'''
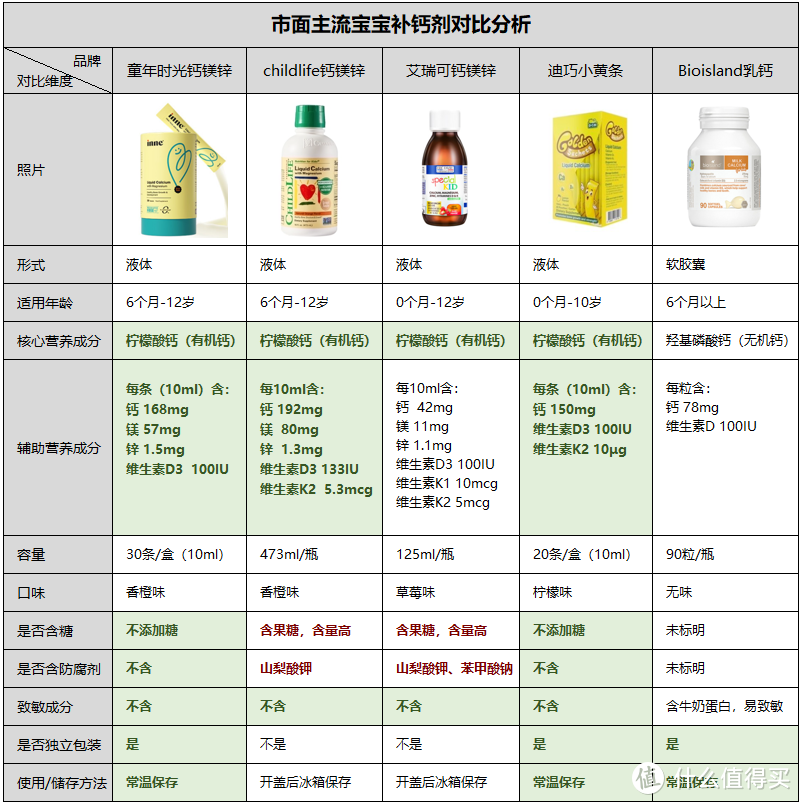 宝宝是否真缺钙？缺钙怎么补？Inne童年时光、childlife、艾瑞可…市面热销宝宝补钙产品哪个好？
'''
'''
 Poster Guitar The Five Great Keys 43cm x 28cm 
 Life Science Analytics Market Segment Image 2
'''
'''
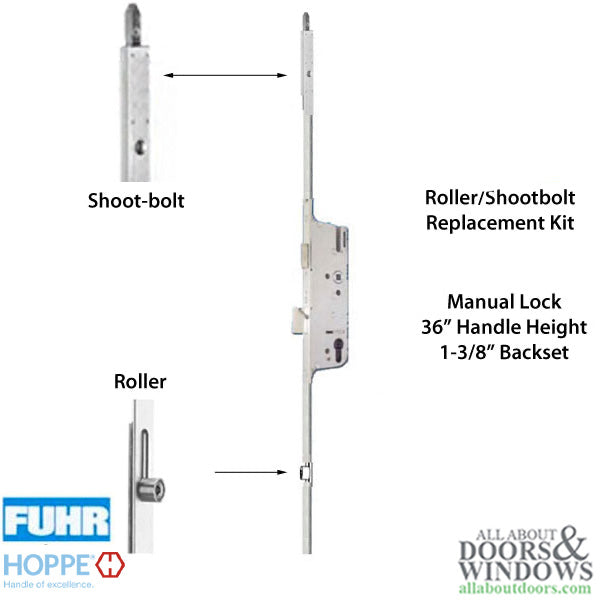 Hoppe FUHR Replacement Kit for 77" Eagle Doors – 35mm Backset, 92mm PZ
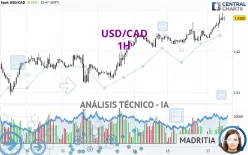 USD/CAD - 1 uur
'''
Reproduce word for word, with pictures dropped, only the part of the material above that opens with the line containing "Hoppe FUHR Replacement" and closes with the line containing "USD/CAD - 1 uur".

 Hoppe FUHR Replacement Kit for 77" Eagle Doors – 35mm Backset, 92mm PZ
 USD/CAD - 1 uur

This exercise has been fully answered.